I like Unicode more than I used to...

Tue Feb 25 05:43:55 EST 2003

In message <200302250800.18315.aleaxit at yahoo.com>, Alex Martelli wrote:
> > > Yes, on a site-wide basis: see the file site.py in your site-packages
> > > directory.  You can either change the blocks guarded by "if 0:" in
> > > that file itself, or add a sitecustomize.py file in the same
> > > directory that calls sys.setdefaultencoding('utf-8') with the
> > > same effect.

You must just have mistyped...
The file site.py is not in your site-packages directory.
It is in the parent directory of your site-packages directory.
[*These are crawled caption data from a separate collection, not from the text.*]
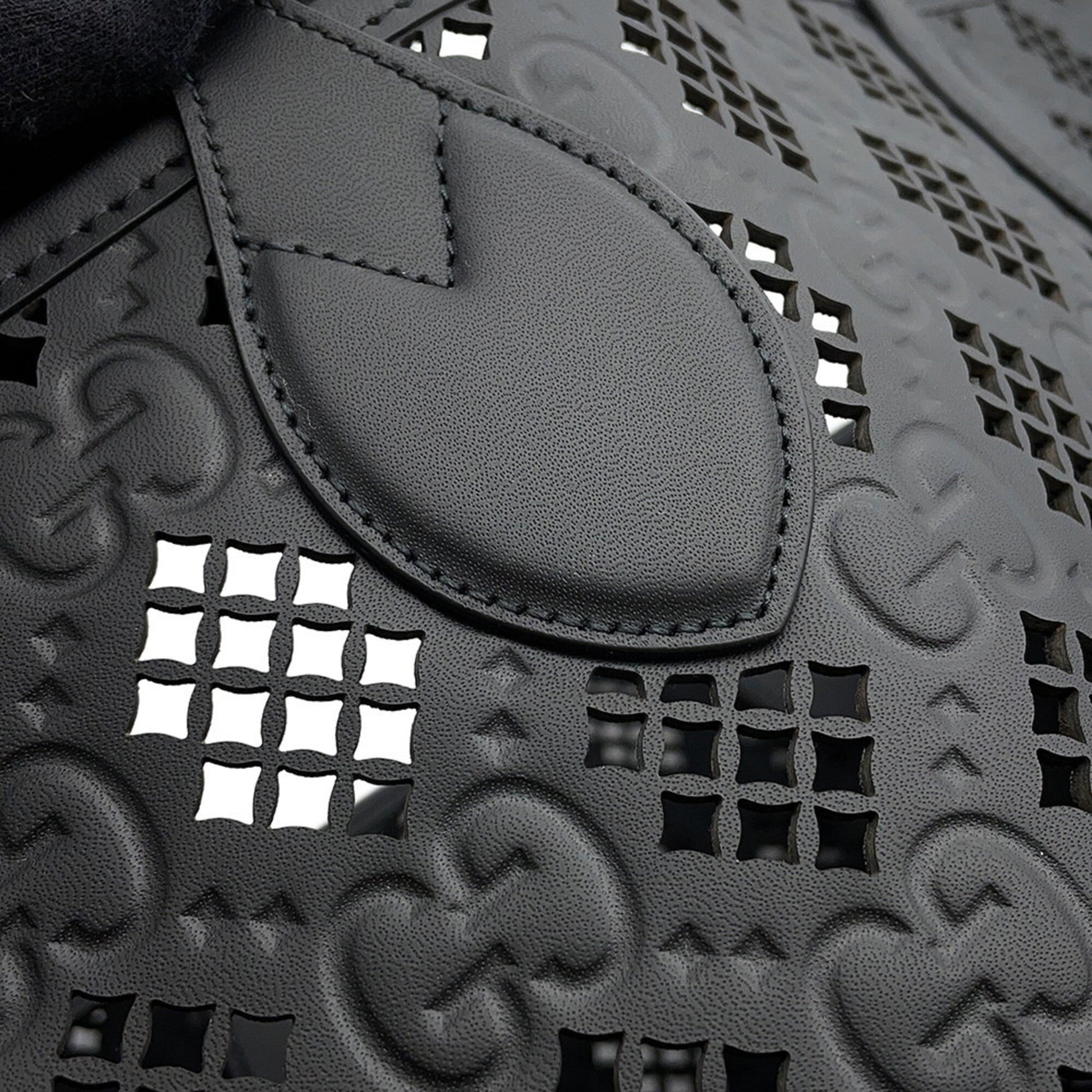 Gucci Black Gg Leather Tote Bag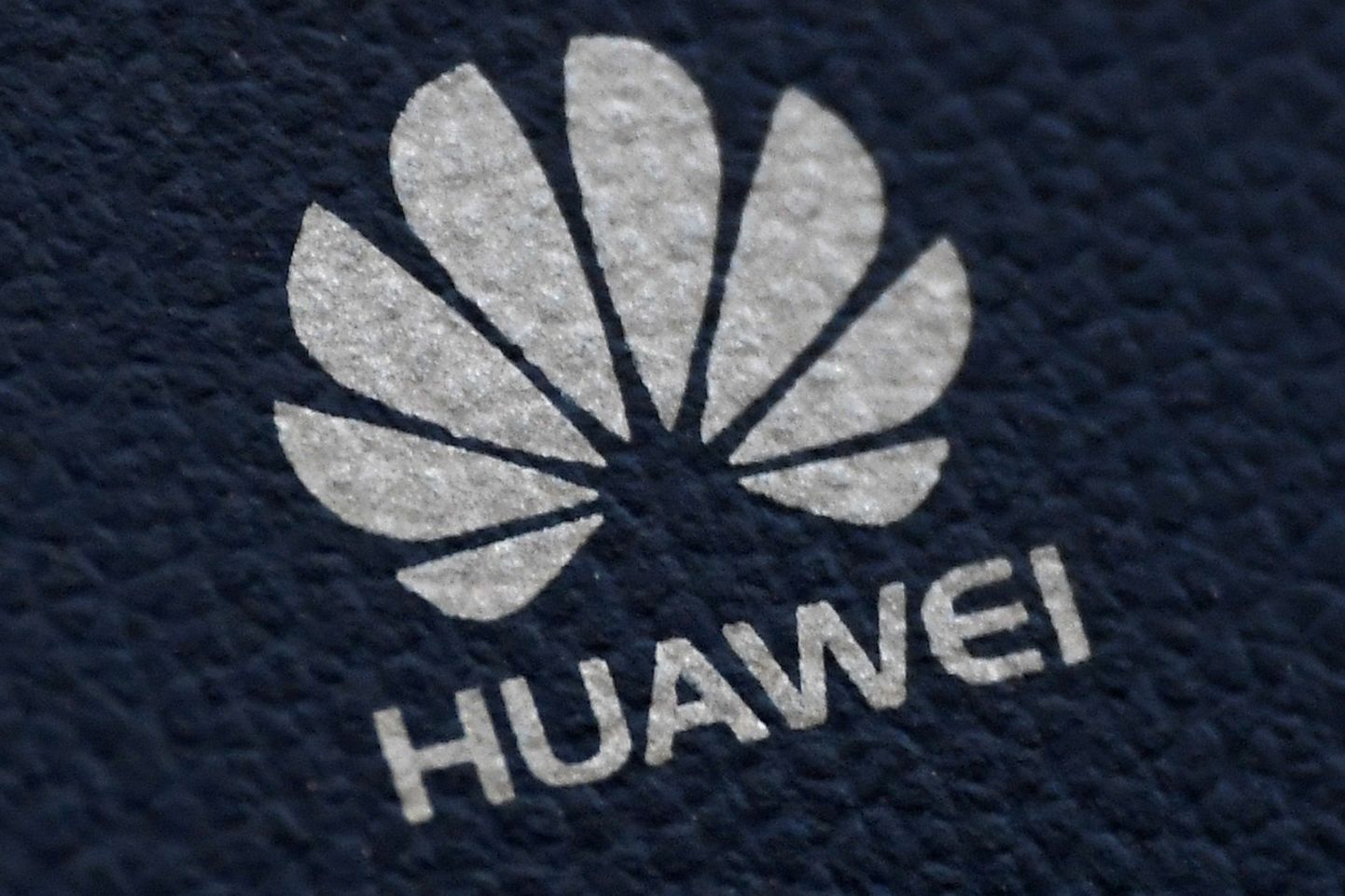 Логотип Huawei.
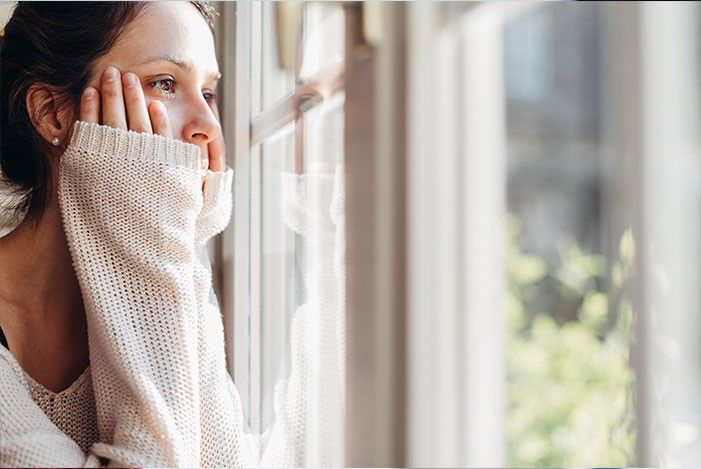 nachdenkliche-frau-schaut-aus-dem-fenster.jpg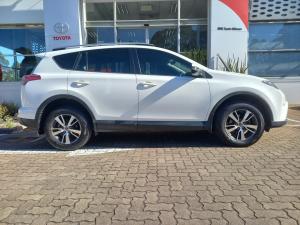 Toyota RAV4 2.0 GX - Image 3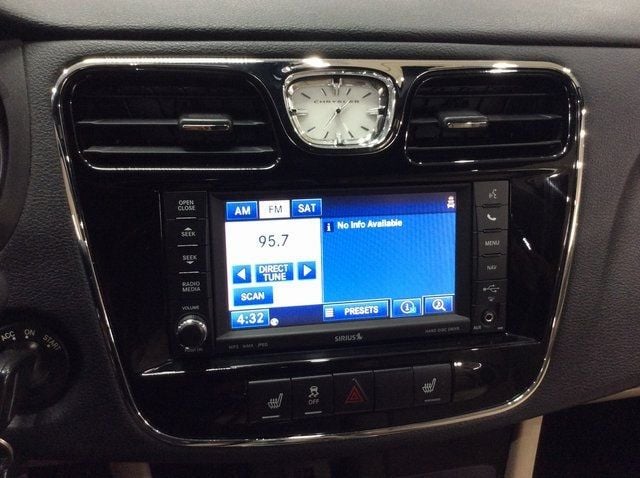 2012 Chrysler 200 Limited photo 16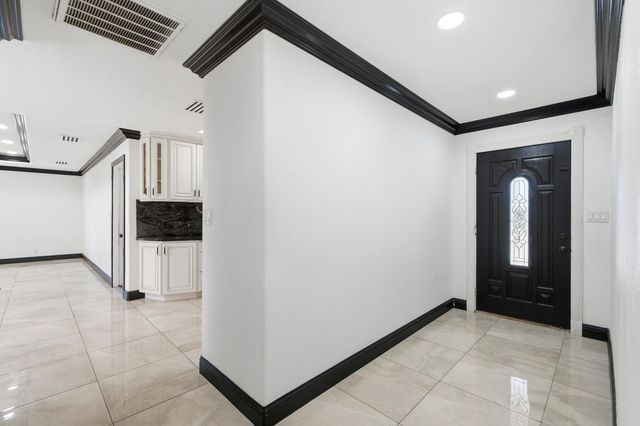 6552 N Augusta Street, Fresno, CA 93710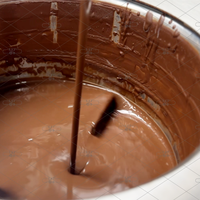 Nouvelle machine à tempérer le chocolat LST pour usage industriel, en acier inoxydable, capacité 5,5 L, contrôlée par PLC, 380V/50HZ, idéale pour la fabrication de glaces et de bonbons.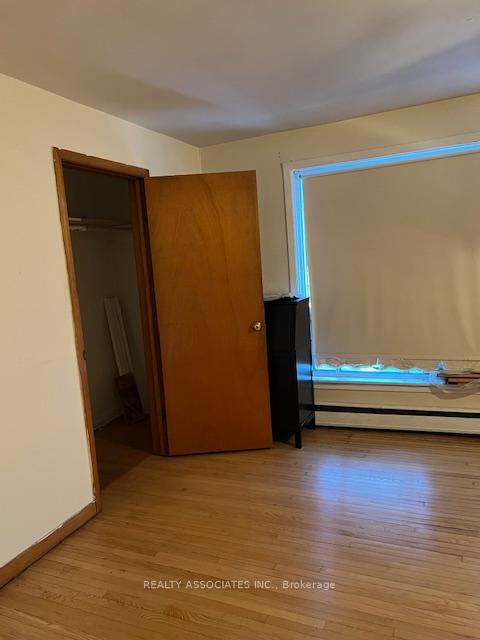 Photo 2 of Unit upper, 586 Warden Avenue, Scarborough, Oakridge — HOMEH
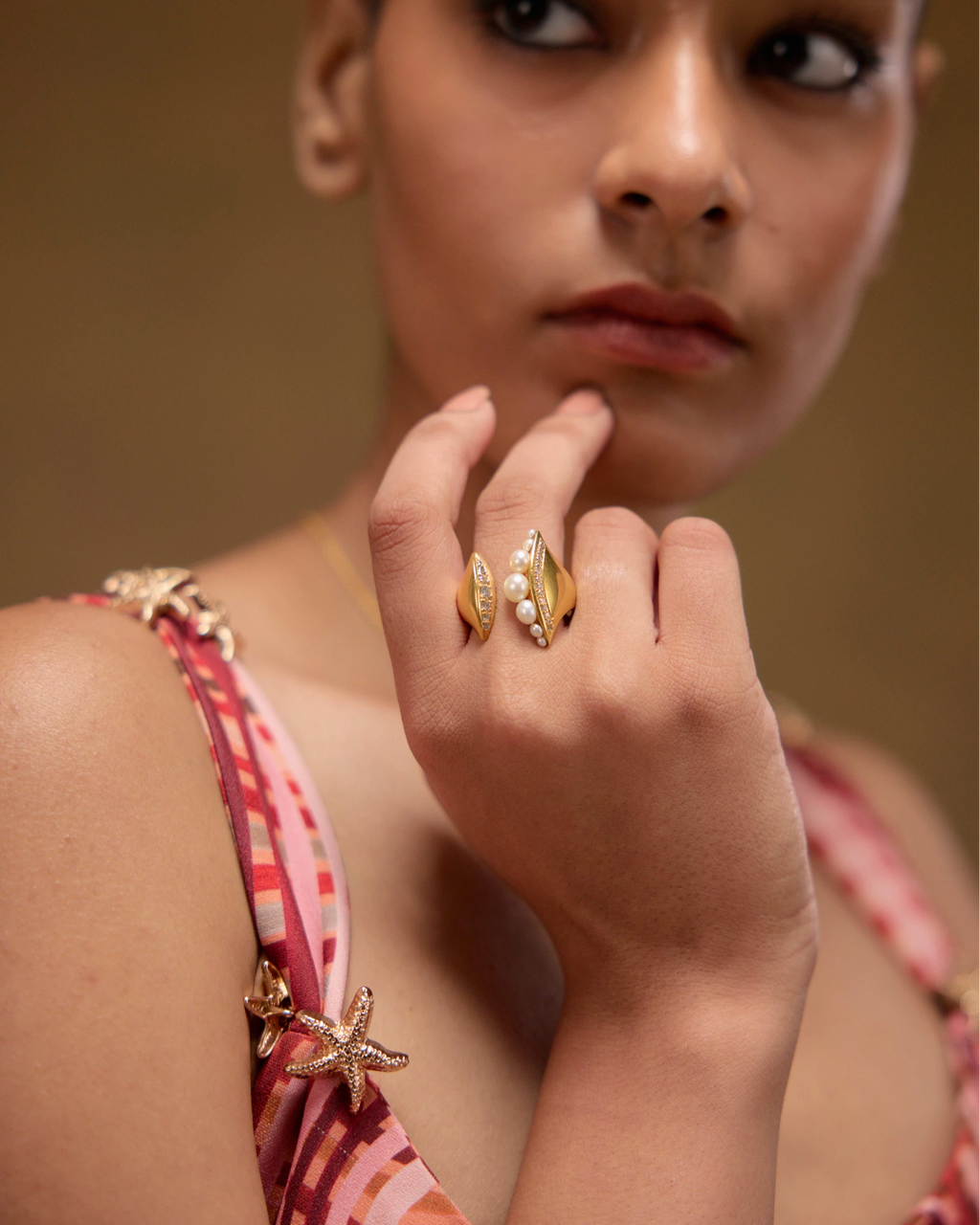 Noira Pearl Ring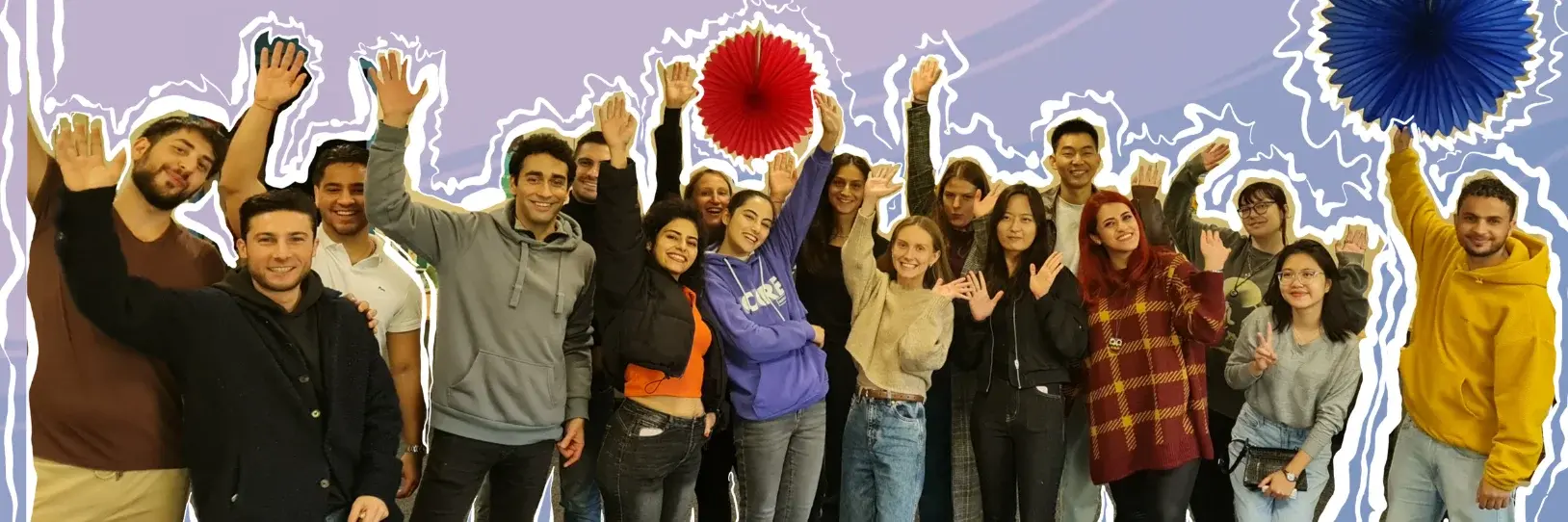 Eine Gruppe von etwa 20 Personen steht in einem fröhlichen Kreis, die Hände in die Luft gehoben. Sie lächeln und zeigen Begeisterung. Im Hintergrund ist ein sanfter Farbverlauf in Rosa und Lila zu sehen.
> > The file "site.py" is in "../site-packages" while you can put your
> > "sitecustomize.py" in "site-packages".
> 
> Not sure I understand what you mean.  What's the leading .. in
> that "../site-packages" you're claiming site.py is in?!

The leading '..' means the parent directory, you know.

> > I wonder you said it from your actual experiences if you don't mind me
> > saying so.  My experiences tell me another way.
> 
> It's from (modest) actual experience: typically programs assuming 'latin-1'
> (well I _am_ from Western Europe after all) because of reliance on site.py,
> failing to run on sites (e.g. in Eastern Europe) that had not tampered
> with site.py or had other iso-8859-* variants set in site.py.

I see.  I'm afraid you just have a limited experience.  The
latin-1 encoding is the only encoding in which you can write
Unicode literals directly in the current Python.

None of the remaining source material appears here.